Bay Trail (N28xx and N29xx Celerons) was shipped half-baked by Intel rather than miss deadlines. They couldn't get the SD card I/O to work reliably above 25 MB/s, so they just hacked it so it can't even try. Too many simultaneous calls to a USB drive can start blocking each other, dropping transfer speeds into the single digit kilobytes per second range. This wasn't particularly a Chromebook problem, it was all Bay Fail devices (except those that added chips to work around the problems).
Ultimately I sold it, and bought a Haswell Chromebook instead.
How is the Riemann zeta function like Trump rallies? Both have an endless number of trivial zeros.
What linux virtualization solution would you recommend for hosting Win10 + games with gpu virtualization?
I haven't tried it myself yet, but there are multiple reports of success with Ryzen+KVM+GPU+W10, for example this one.
You say its 'good enough' to run AAA games. What sort of performance hit am I really facing?
My impression is, very little. GPU virtualization gives the guest OS direct access to PCI registers, the overhead can get very close to zero. This report from 2014 shows overhead consistently less than 3%, often a lot less, and remarkably, sometimes actually faster in the VM. I'm not sure how that last one works.
The big overhead for VMs tends not to be CPU, but memory consumption, make sure you have enough to make both host and guest comfortable. You should be fine with 16 GB, but more memory is always better, I'm liking how it feels with 32 GB. You will want a separate SSD for Windows, I think, but that's not going to break the bank.
Do some games "just-not-work" What sort of stability loss am i looking at?
Again, I'm not doing it myself right now (I have too many unplayed games already without a bunch more from Windows) but I see multiple reports of success with GTA 5 and I don't see any horror stories. My feeling is, your system as a whole will be more stable than it is now, and the VM+Windows part of it will be exactly as stable as now.
I've got an i7 and a gtx1080, if that's a factor.
Though I am a newly-minted Ryzen fanboy, I love Intel too except for their business practices. VM stability seems exactly the same for Intel and AMD. That is very cool. Number of VM crashes I had over the years on Intel or AMD: exactly zero, and I really thrash those VMs.
What's the situation with multi-monitor support with something like this?
Dunno. I'm waiting for your report. The question you ought to ask is, what's the situation with sharing the GPU between host and guest? Lots of active discussion on it. It's a thing, and multi-monitor passthrough is a thing.

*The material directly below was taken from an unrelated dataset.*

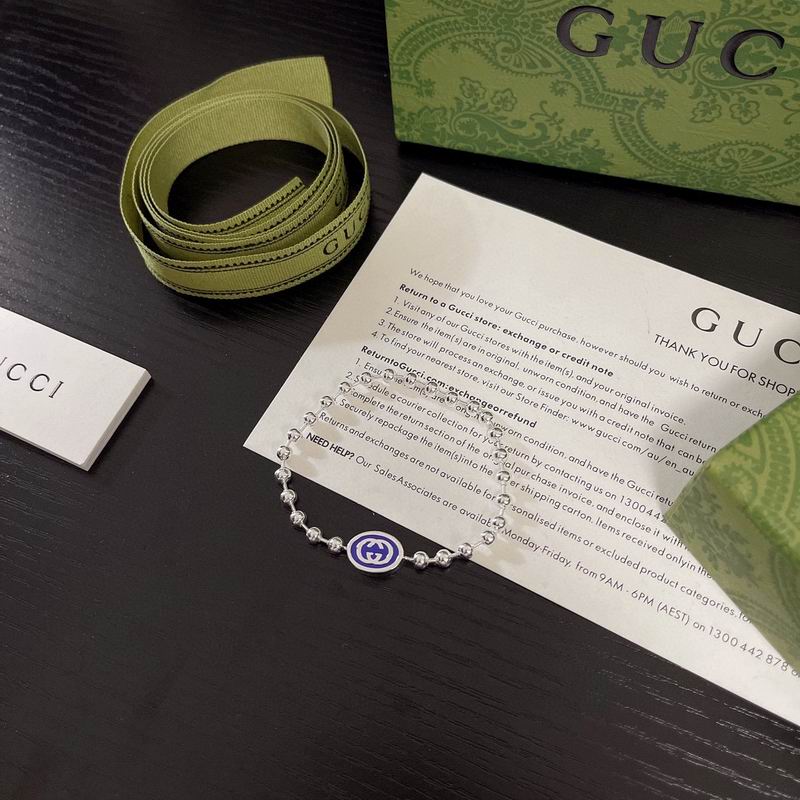 Gucci Bracelet 06yxh22 (7)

And peripheral pass through? (usb headsets, usb controllers).
KVM has good USB passthrough, but for mouse and audio where performance is not an issue you probably want the virtual devices. There are a whole pile of online resources on it, e.g. here and the community is active. Mostly people seem to be using libvirt and virt-manager. I don't, I just read the man page and run KVM/QEMU from the command line. Do that only if you enjoy that kind of thing.
There is a great and supportive community here.
When all you have is a hammer, every problem starts to look like a thumb.